With emotion, Sun's long goodbye nears the finish
Schwartz reportedly may soon resign; Oracle to detail plans Wednesday
Computerworld - James Gosling, the father of the Java programming language, posted the image of a tombstone on his blog last week, an R.I.P., for Sun Microsystems Co. Before long. more than 800 employees, outside developers and others had posted comments.
The responses, under the headline, "So long, old friend...," were similarly eulogizing, many offering up a simple "thank you" mixed with some sadness, a few memories and sprinkles of hope for the post-merger.
On the same day Gosling posted his tombstone, CEO Jonathan Schwartz sent around an internal memo expressing his pride at having worked at Sun and urging employees "to emotionally resign from Sun," and prepare to take "the first step in a new adventure."
What wasn't said in Schwartz's note -- and isn't clear at this point -- is how many at Sun will continue with the merged companies.
Schwartz and some of Sun's other top executives will leave with large severances; in Schwartz's case, that would be more than $12 million in severance, according to Sun's recent proxy statement. The Wall Street Journal is reporting today that Schwartz will soon resign.
With European regulatory approvals for the deal all but final, Oracle and Sun plan to hold Webcast briefings on Wednesday to outline the direction of the combined companies and their many products.
Sun has about 29,000 employees and the combined headcount of the two firms will be about 115,000. Analysts, however, expect cutbacks to take place once the merger begins in earnest.
Oracle and Sun announced their plans to merge in April but the uncertainty about Sun's future goes back a little further, to March, when news surfaced that Sun was in acquisition talks with IBM.
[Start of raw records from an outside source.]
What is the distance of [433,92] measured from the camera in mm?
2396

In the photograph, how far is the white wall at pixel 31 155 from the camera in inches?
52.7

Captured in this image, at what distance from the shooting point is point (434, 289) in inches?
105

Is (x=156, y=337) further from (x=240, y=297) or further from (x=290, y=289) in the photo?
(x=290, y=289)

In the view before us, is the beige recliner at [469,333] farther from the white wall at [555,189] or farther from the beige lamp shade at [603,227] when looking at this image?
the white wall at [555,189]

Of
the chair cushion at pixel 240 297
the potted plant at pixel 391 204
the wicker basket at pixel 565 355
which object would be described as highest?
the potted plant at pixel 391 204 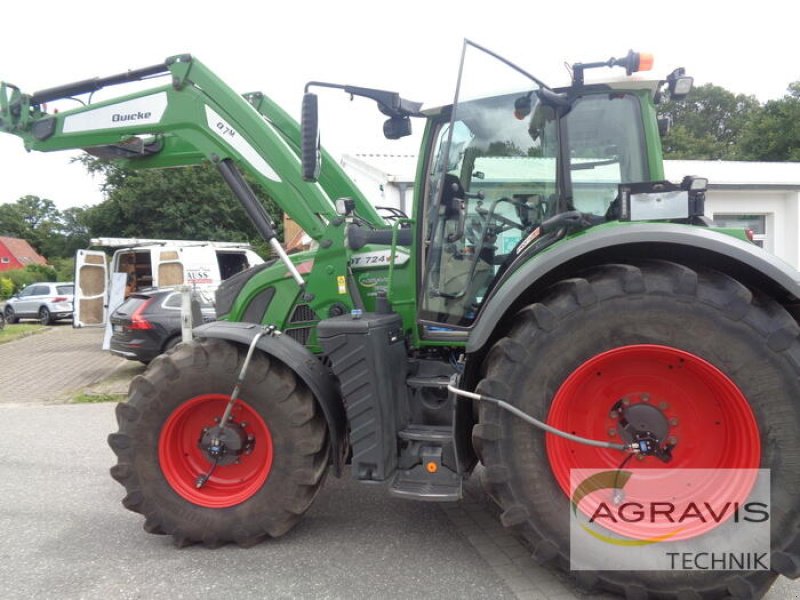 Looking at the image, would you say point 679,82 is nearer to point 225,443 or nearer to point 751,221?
point 225,443

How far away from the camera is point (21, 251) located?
200ft

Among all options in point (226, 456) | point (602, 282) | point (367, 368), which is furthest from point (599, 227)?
point (226, 456)

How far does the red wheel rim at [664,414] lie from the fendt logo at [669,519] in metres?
0.01

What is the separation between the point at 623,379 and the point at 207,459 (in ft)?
7.79

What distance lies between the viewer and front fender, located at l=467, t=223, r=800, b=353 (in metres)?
2.52

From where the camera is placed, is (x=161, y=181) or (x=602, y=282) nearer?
(x=602, y=282)

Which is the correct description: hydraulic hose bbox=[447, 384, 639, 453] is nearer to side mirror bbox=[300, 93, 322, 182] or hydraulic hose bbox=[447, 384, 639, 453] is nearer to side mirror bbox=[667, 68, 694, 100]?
side mirror bbox=[300, 93, 322, 182]

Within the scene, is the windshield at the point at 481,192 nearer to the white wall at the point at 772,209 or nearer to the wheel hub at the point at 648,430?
the wheel hub at the point at 648,430

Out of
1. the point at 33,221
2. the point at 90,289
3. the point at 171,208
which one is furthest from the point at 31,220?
the point at 90,289

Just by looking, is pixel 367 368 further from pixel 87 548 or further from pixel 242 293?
pixel 87 548

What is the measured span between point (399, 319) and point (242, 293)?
1.23 metres

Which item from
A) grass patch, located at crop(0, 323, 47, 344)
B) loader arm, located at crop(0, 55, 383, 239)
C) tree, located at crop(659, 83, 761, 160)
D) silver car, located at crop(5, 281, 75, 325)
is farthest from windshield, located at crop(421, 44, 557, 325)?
tree, located at crop(659, 83, 761, 160)

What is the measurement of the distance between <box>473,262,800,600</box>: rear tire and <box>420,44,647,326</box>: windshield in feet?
1.69

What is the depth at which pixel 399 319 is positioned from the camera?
3482 millimetres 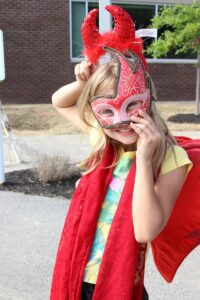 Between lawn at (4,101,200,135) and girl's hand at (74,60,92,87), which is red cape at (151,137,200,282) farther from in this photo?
lawn at (4,101,200,135)

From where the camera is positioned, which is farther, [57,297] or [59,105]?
[59,105]

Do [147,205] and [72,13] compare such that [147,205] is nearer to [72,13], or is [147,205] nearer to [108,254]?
[108,254]

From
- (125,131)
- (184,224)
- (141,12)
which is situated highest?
(125,131)

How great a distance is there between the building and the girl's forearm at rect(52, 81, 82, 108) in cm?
1168

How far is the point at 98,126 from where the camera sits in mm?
1799

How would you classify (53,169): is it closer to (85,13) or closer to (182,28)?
(182,28)

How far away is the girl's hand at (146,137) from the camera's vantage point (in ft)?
4.68

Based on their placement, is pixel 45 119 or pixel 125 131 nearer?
pixel 125 131

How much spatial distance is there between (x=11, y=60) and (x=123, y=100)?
12.8 m

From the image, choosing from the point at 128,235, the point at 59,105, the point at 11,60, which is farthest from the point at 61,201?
the point at 11,60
Oracle wanted the merger completed sometime in last fall, but European regulators' delay in approving the merger has dragged it out. That, in turn, may have hurt Sun's share of the server market. Its worldwide server systems revenue totalled $778 million for the third quarter of last year, a 35% decline from the same quarter in 2008, according to IDC's latest report on worldwide systems factory revenue. All vendors saw revenues fall in the recession, but Sun's decline was the steepest.
Even so, Jean Bozman, an IDC analyst, points out that Sun remains the fourth largest server vendor in the world, after IBM, which had 30% of the world's market share with $3.3 billion in revenue in the last quarter; Hewlett-Packard, with a 31% share and $3.2 billion in revenue; Dell, with 13.5% and $1.4 billion; and Sun, with a 7.5% market share.
Sun's "installed base is so large there is continuing demand to replace what people have," said Bozman.
For the first time since the merger acquisition talks began, the big new thing for Sun and Oracle will be the gradual removal of the uncertainty about the future -- starting with Wednesday's briefing.
The tech industry has, of course, seen many companies with great legacies evaporate. In this case, some of what was Sun may survive, thanks to decisions to open source much of what it owns, according to one person who posted on Gosling's blog. Henry Story, a Web architect at Sun, wrote: Sun Microsystems was indeed one of the greatest companies ever.
"Jonathan [Schwartz]will be remembered for open sourcing the whole software/hardware stack, so that at least none of the engineers who worked at the company will have wasted their time," Story wrote. "In other companies, such a takeover could all so easily [have] sent their work to the dustbin of copyrighted material. Imagine a great musician -- a Mozart perhaps -- working for some owner who then one day turned around and just burnt all his work. This is not what happened. And yet, all too often, this is indeed what does happen in the software industry."
For his part, Gosling appears ready to move on with Oracle. He followed his tombstone post with one of fish tank that shows the Java mascot with a snorkel. Sun plus Oracle = Snorcle?
"Enough of being maudlin, it's time to look forward to being a unified company," wrote Gosling.